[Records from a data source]
--
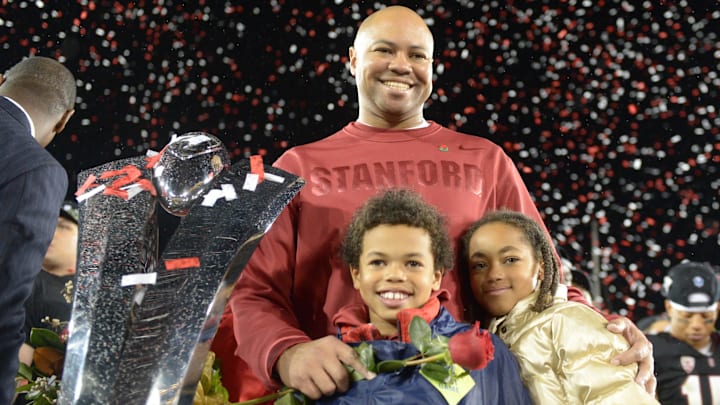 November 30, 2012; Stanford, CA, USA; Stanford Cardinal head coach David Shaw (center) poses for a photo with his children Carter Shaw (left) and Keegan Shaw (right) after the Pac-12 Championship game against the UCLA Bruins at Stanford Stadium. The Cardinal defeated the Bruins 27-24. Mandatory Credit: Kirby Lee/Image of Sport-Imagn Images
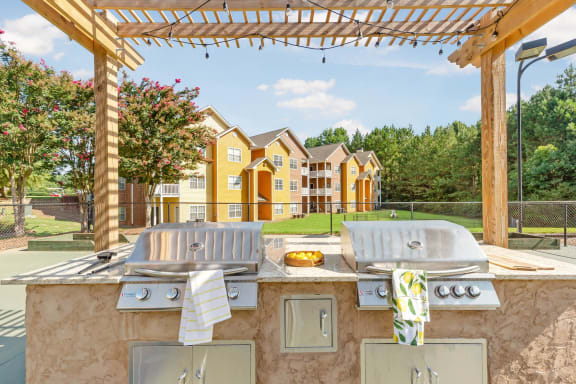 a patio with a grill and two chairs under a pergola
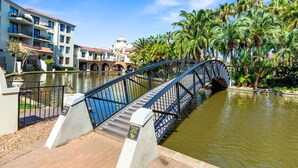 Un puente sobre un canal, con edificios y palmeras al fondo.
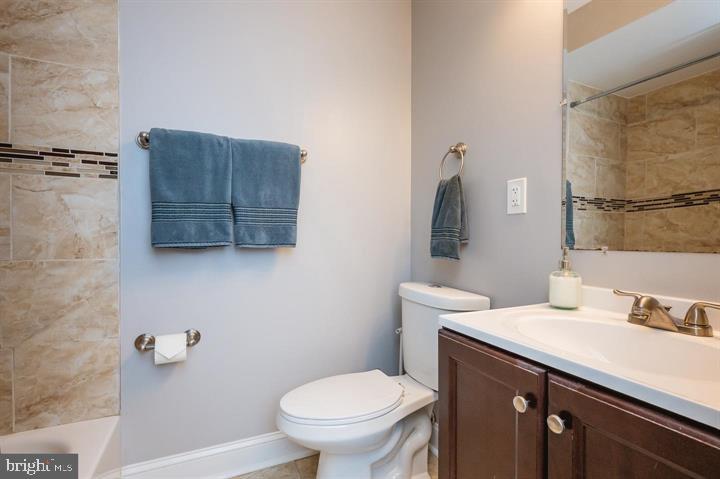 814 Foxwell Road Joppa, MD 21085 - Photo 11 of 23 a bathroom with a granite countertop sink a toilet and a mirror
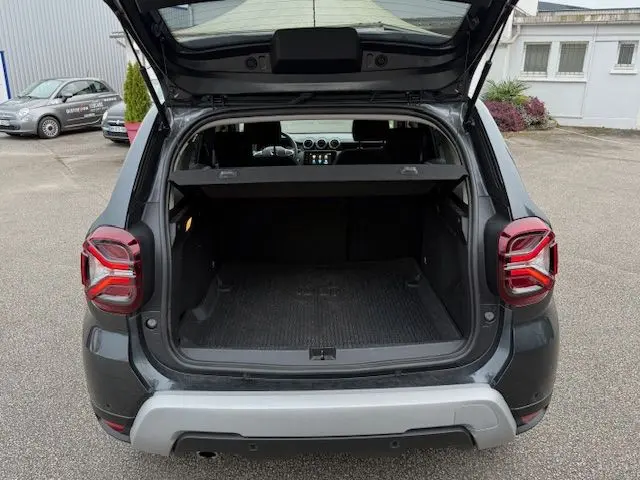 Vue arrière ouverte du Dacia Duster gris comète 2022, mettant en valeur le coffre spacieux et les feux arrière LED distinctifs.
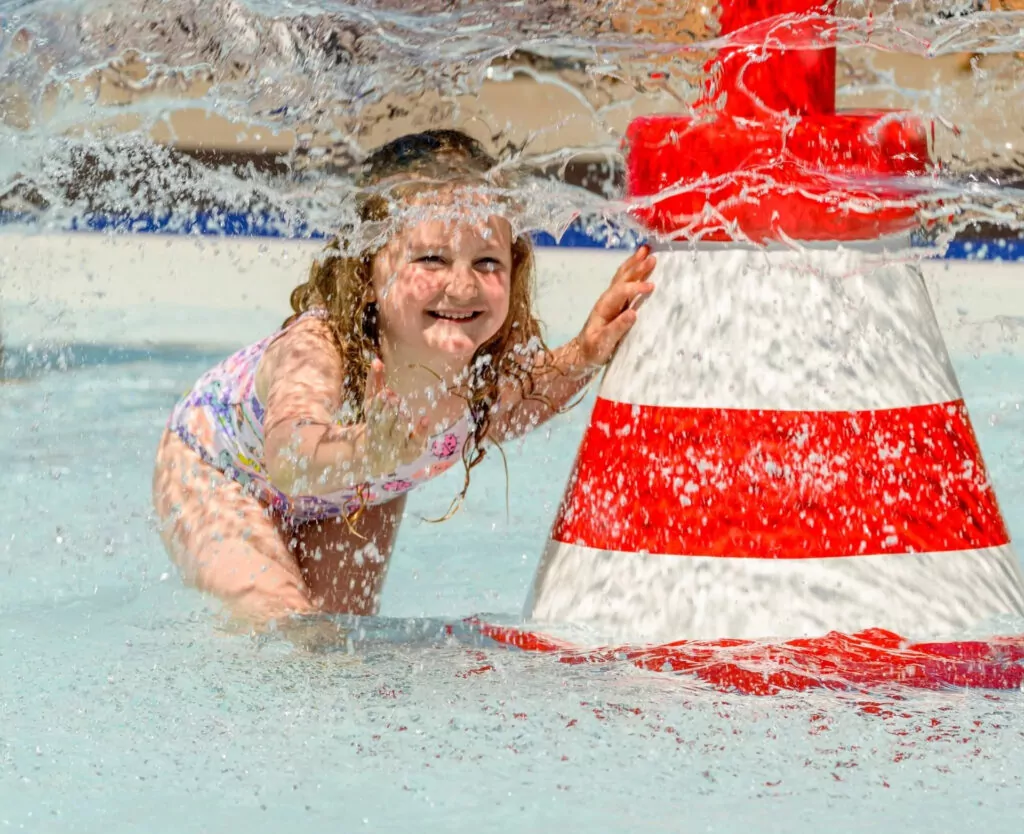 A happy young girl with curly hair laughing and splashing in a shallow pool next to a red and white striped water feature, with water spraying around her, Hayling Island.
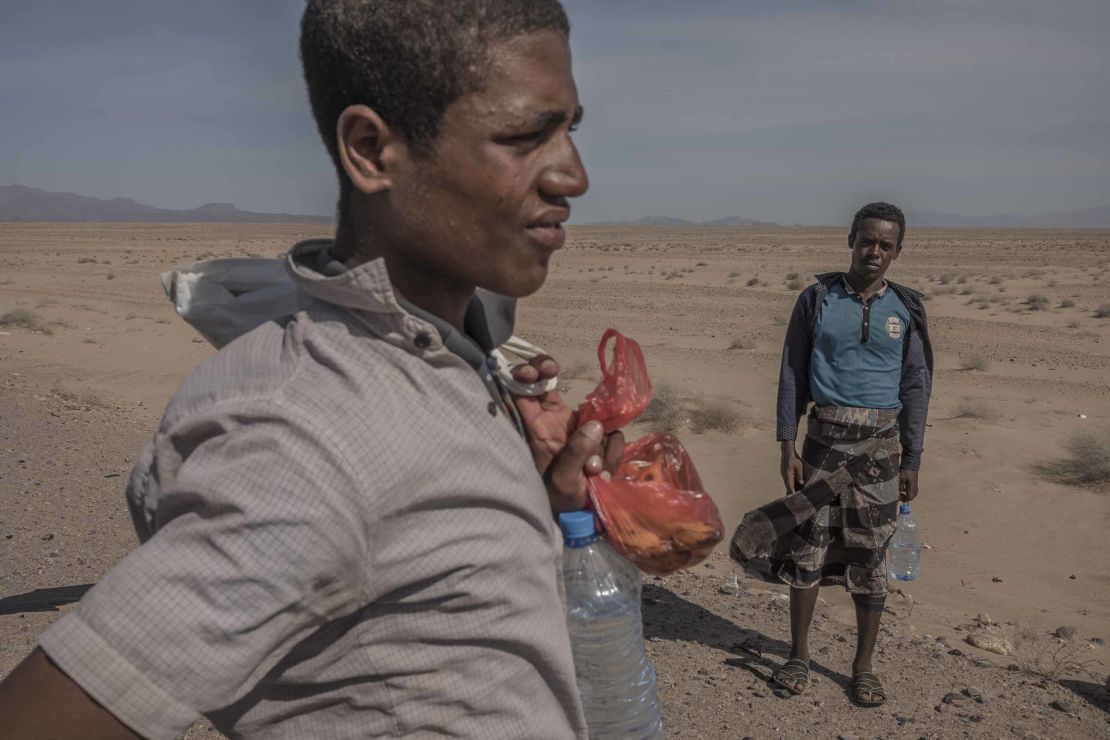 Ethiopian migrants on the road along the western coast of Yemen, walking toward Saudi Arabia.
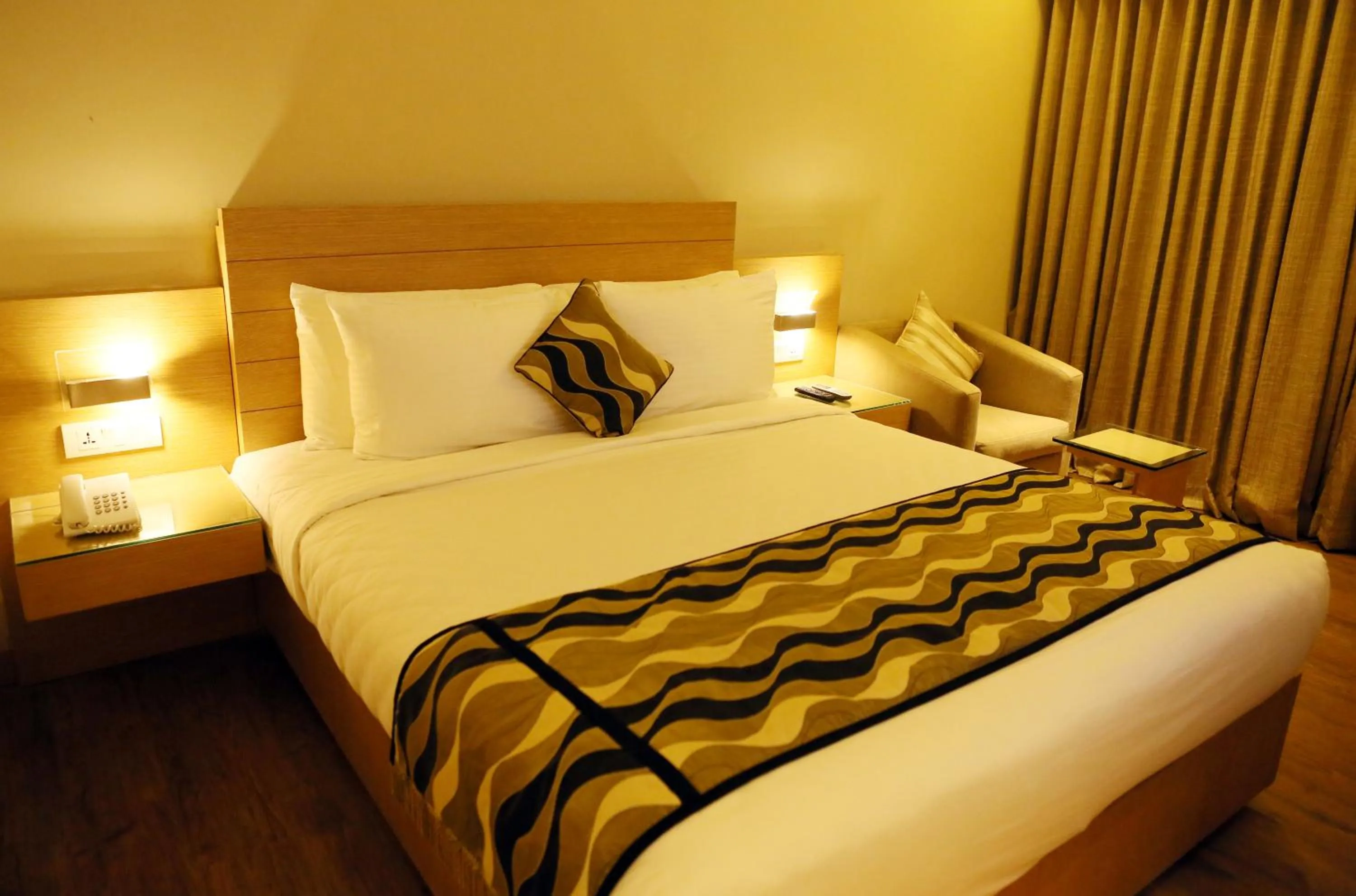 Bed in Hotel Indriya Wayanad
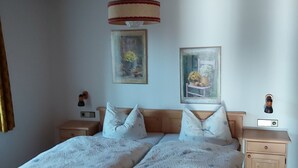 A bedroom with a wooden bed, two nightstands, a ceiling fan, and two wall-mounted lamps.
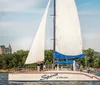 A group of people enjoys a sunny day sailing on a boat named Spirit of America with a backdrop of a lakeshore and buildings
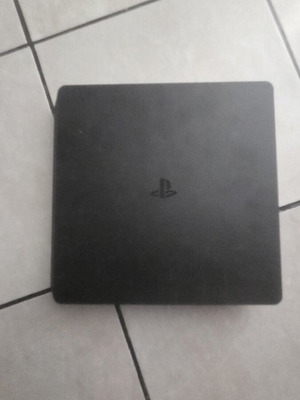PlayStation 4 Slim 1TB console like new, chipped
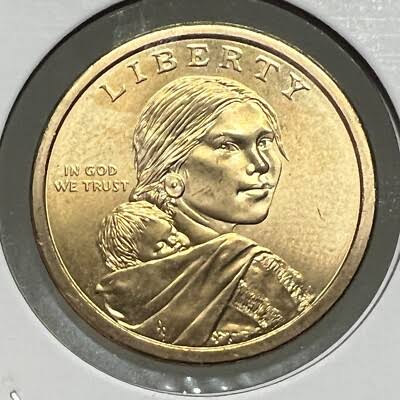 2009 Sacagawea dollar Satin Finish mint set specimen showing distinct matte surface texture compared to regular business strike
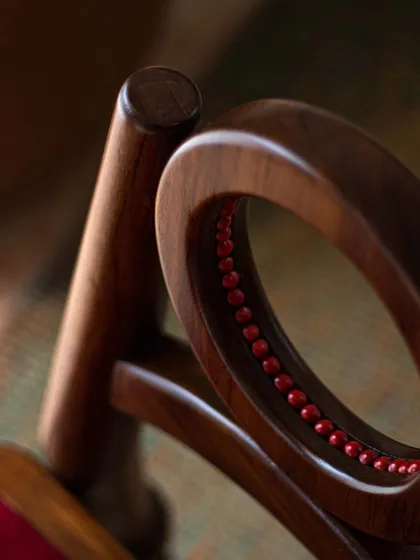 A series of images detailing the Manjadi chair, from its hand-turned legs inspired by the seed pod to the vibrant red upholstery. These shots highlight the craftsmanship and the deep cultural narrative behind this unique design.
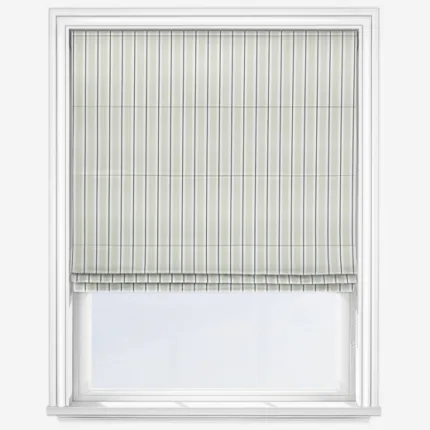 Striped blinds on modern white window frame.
--
* WHAT THIS TASK INVOLVES *
Where a picture appears, omit it; otherwise reproduce each line above from the first to the one with "814 Foxwell Road", inclusive.

* RESPONSE TO THE EXERCISE *
 November 30, 2012; Stanford, CA, USA; Stanford Cardinal head coach David Shaw (center) poses for a photo with his children Carter Shaw (left) and Keegan Shaw (right) after the Pac-12 Championship game against the UCLA Bruins at Stanford Stadium. The Cardinal defeated the Bruins 27-24. Mandatory Credit: Kirby Lee/Image of Sport-Imagn Images
 a patio with a grill and two chairs under a pergola
 Un puente sobre un canal, con edificios y palmeras al fondo.
 814 Foxwell Road Joppa, MD 21085 - Photo 11 of 23 a bathroom with a granite countertop sink a toilet and a mirror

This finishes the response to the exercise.